May 07, 2009

A Marriage is Not a Baby

A Marriage is an agreement. It is a contract that has no promise of success in the venture. Adam and Eve lived together--in a perfect, new creation, they lived together--and even there, walking with God, knowing God as they didn't, though intimate their knowledge, they still blew it.

The marriage at Canna of Galilee says more about the agreement of Marriage than anything else I know. Christ turned the water to wine. Marriage, every year of it, is water. That is all it is. And it is essential for this earth and for our bodies to have water.

But water is tasteless and free and may become polluted in the environment, as the Prince of the Power of This World wars to destroy this planet God gave to men and women. If a miracle is not done by the Messiah Emmanuel, the young ancient Jesus, at the urging of a mother who knew the ravaging, safe prospects of "water only" in a Marriage; if the water is NOT turned to wine, there may be long life, but there will most likely be little joy.
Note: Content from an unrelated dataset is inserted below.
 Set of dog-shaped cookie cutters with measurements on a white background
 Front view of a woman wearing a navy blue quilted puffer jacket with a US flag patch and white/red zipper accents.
Fruit, and not merely that of the womb when the water breaks through children, our finest hours, must be liquid. Tangible to our senses, easy in the mouths, make-able in our barrels, growable in our vineyards, serve-able in our Loving, else marriage is mirage. Two may be a natural spring, a Fountain of Youth, but if there is not wine between them--their waters as wine--their lives will remain outside of them, an Act of God, a beautiful, created resource of water only, that may be bottled and sold in emergencies.

A Marriage is not a baby. A baby will grow to adapt to being a human. A Marriage may or may not adapt to being a vineyard, if that is the cost of proving that "water" can be physically vested, grown, worked into barrels and aged to eventually show Wine.

Don't we men and women want the miracle instead? The water turned to a heady, sweet pairing of our senses and sensibilities, instead of cheap whine in the barrels? A Marriage is far more complex than a miracle. It is an agreement to work and stay. A miracle, though, is the stuff of holy writ--an entering of God.